§ Exercise directions: With the pictures left out, print exactly the lines below that run from the one containing "Pair of wooden" through the one containing "jaguar testy luxusni".
== Task inputs
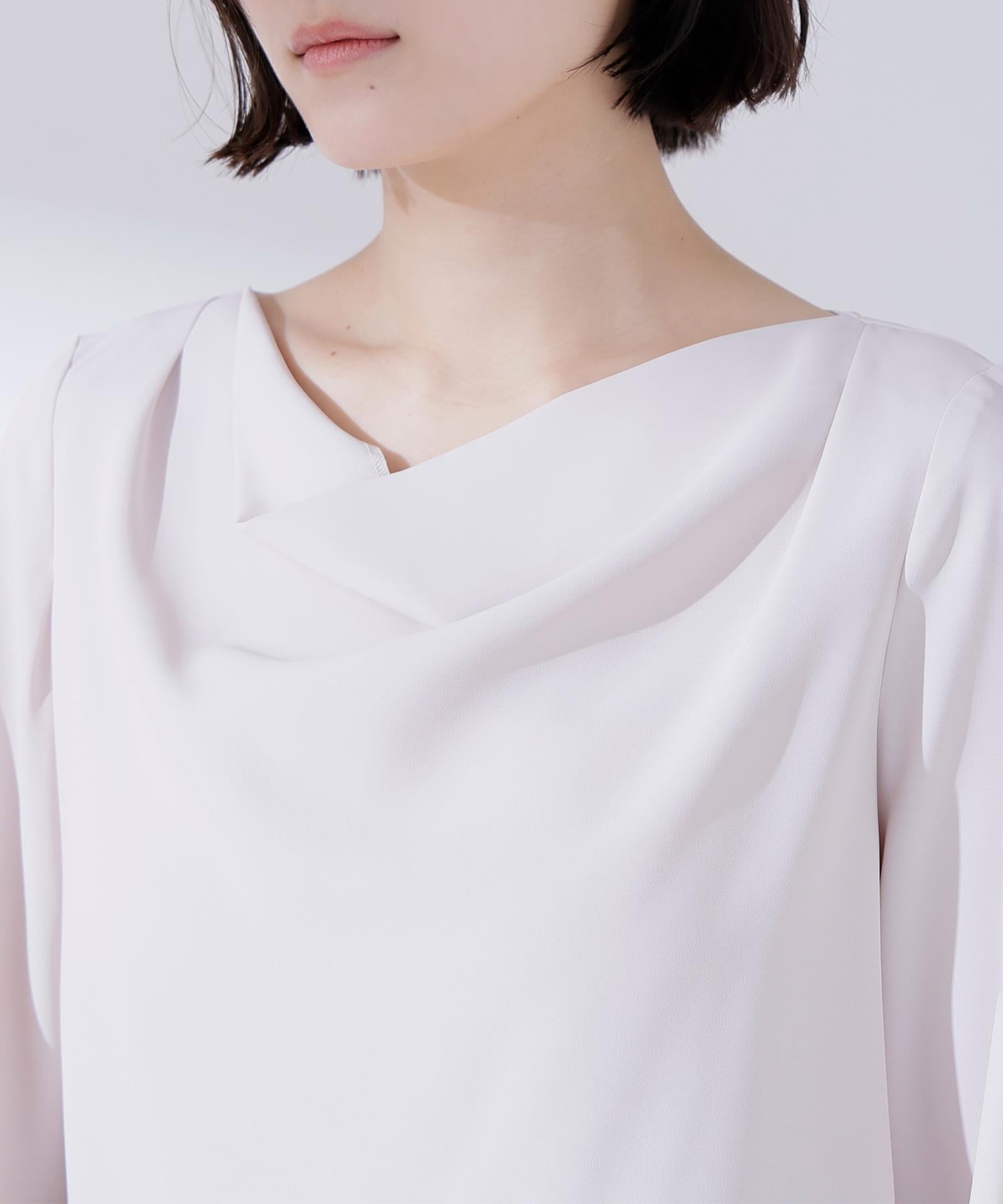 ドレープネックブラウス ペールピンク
====
== Task inputs
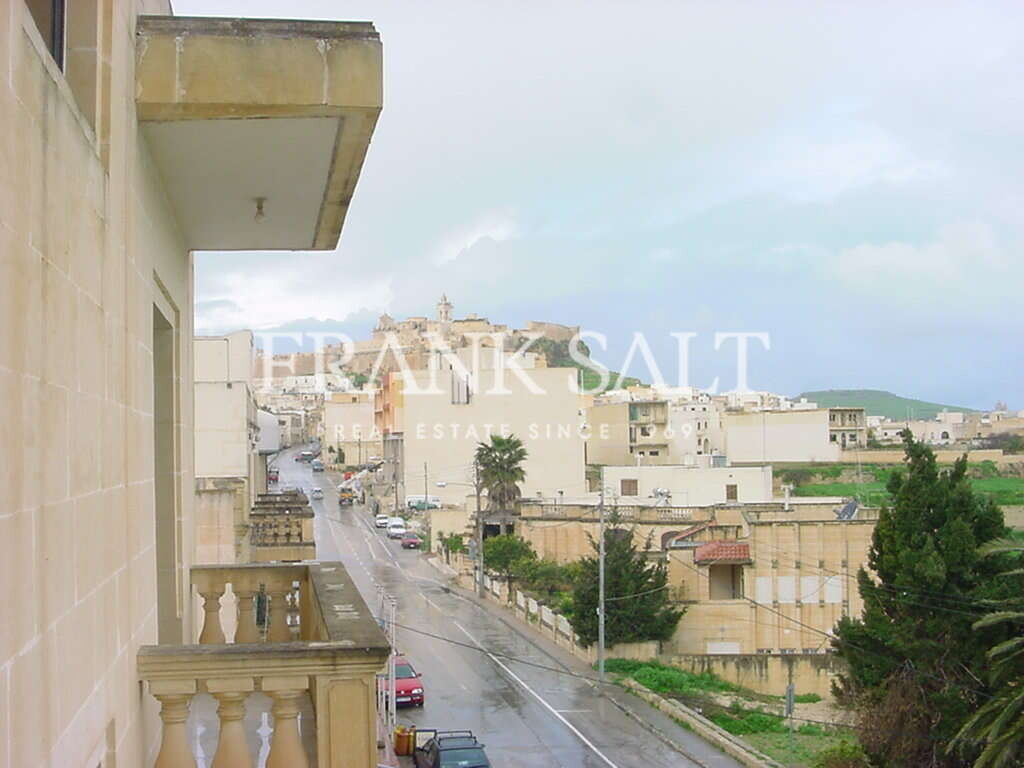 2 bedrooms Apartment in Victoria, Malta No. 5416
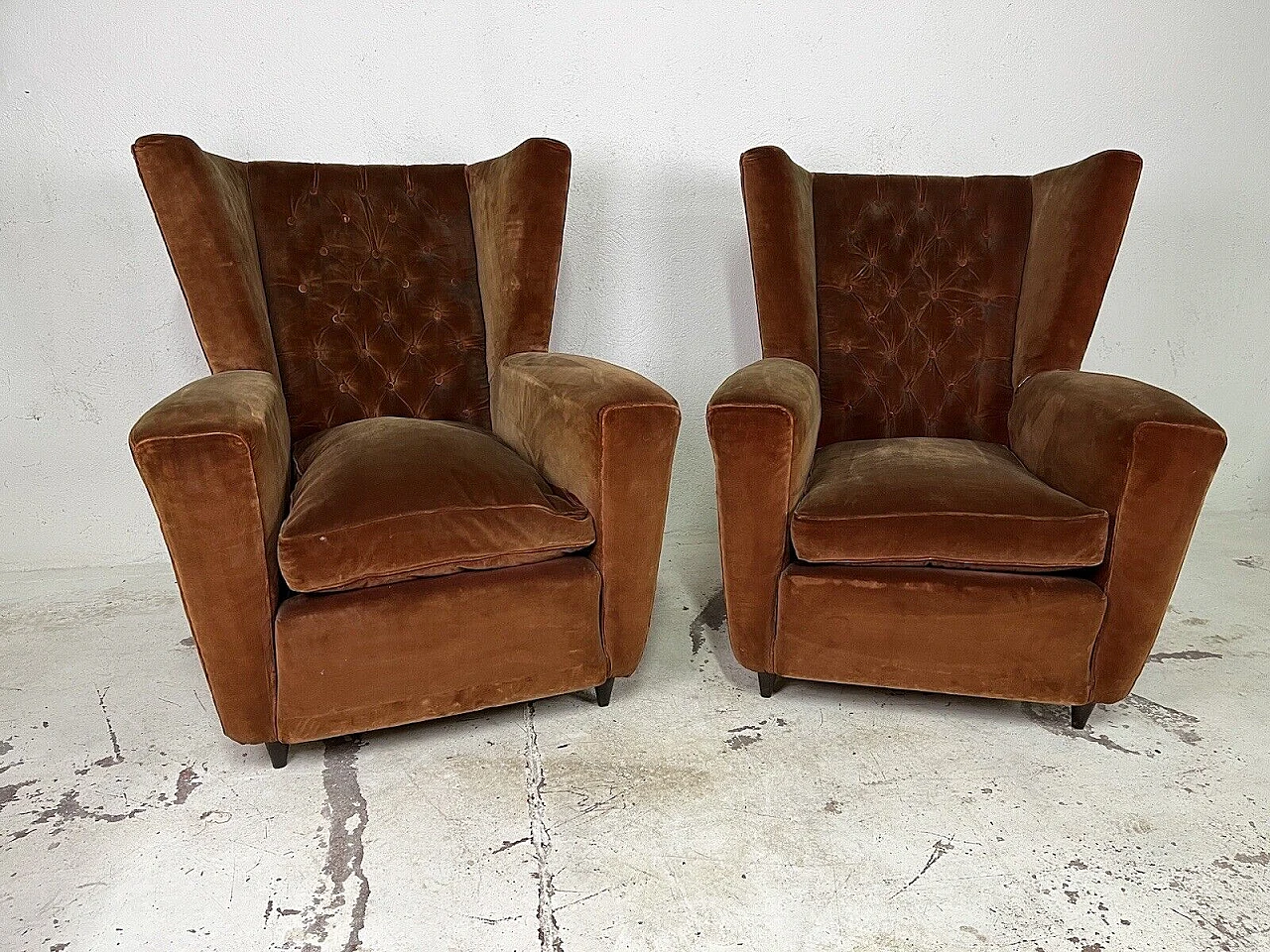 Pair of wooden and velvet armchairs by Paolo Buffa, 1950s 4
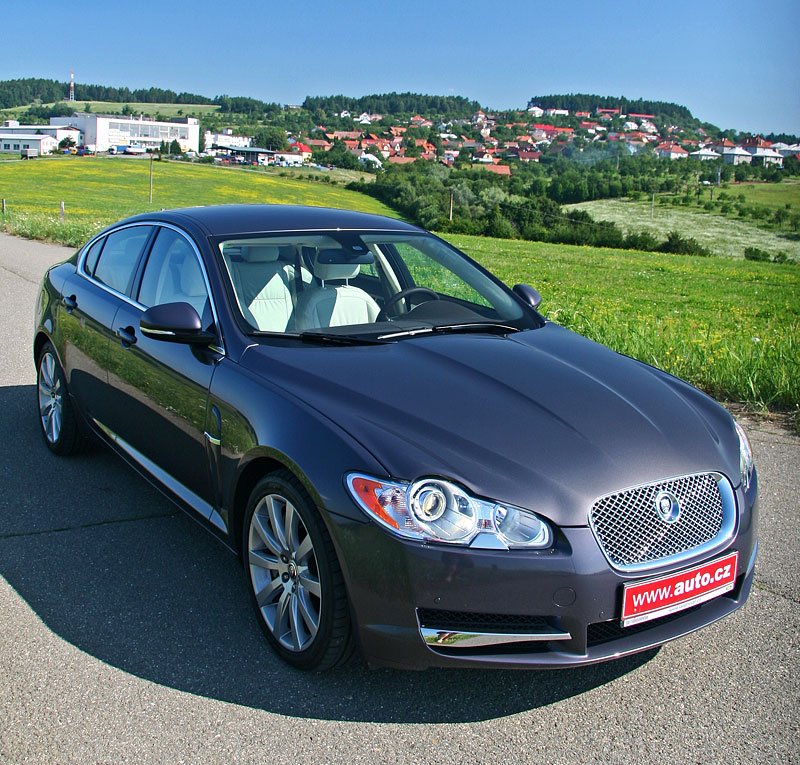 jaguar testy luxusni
====
== Task inputs
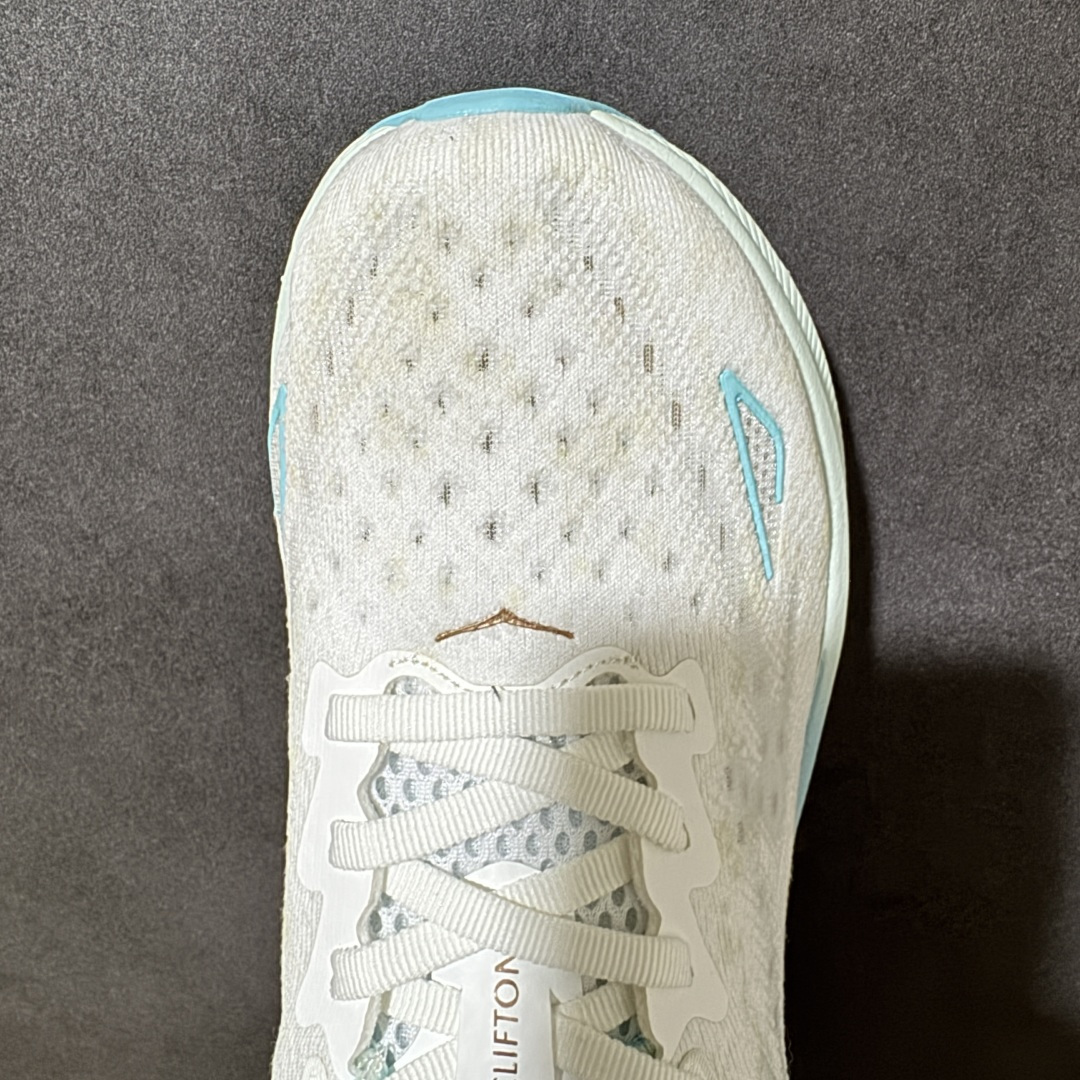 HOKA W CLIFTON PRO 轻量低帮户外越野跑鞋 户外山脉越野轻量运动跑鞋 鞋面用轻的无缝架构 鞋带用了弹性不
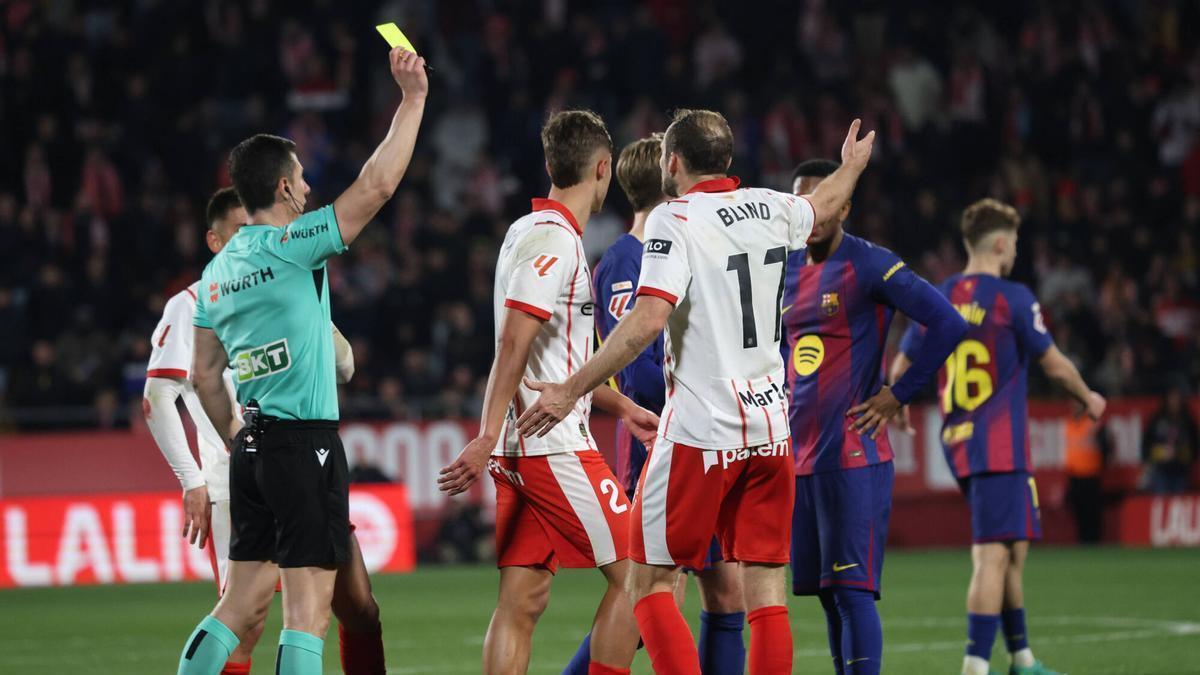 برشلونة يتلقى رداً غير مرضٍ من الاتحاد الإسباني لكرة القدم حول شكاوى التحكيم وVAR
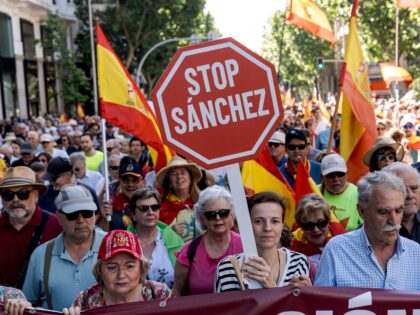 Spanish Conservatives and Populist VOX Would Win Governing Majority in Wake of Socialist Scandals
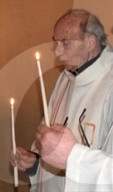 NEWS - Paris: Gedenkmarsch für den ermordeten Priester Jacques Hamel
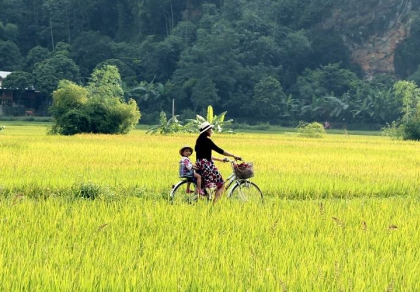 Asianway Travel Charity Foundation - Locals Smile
====
§ Answer section:
 Pair of wooden and velvet armchairs by Paolo Buffa, 1950s 4
 jaguar testy luxusni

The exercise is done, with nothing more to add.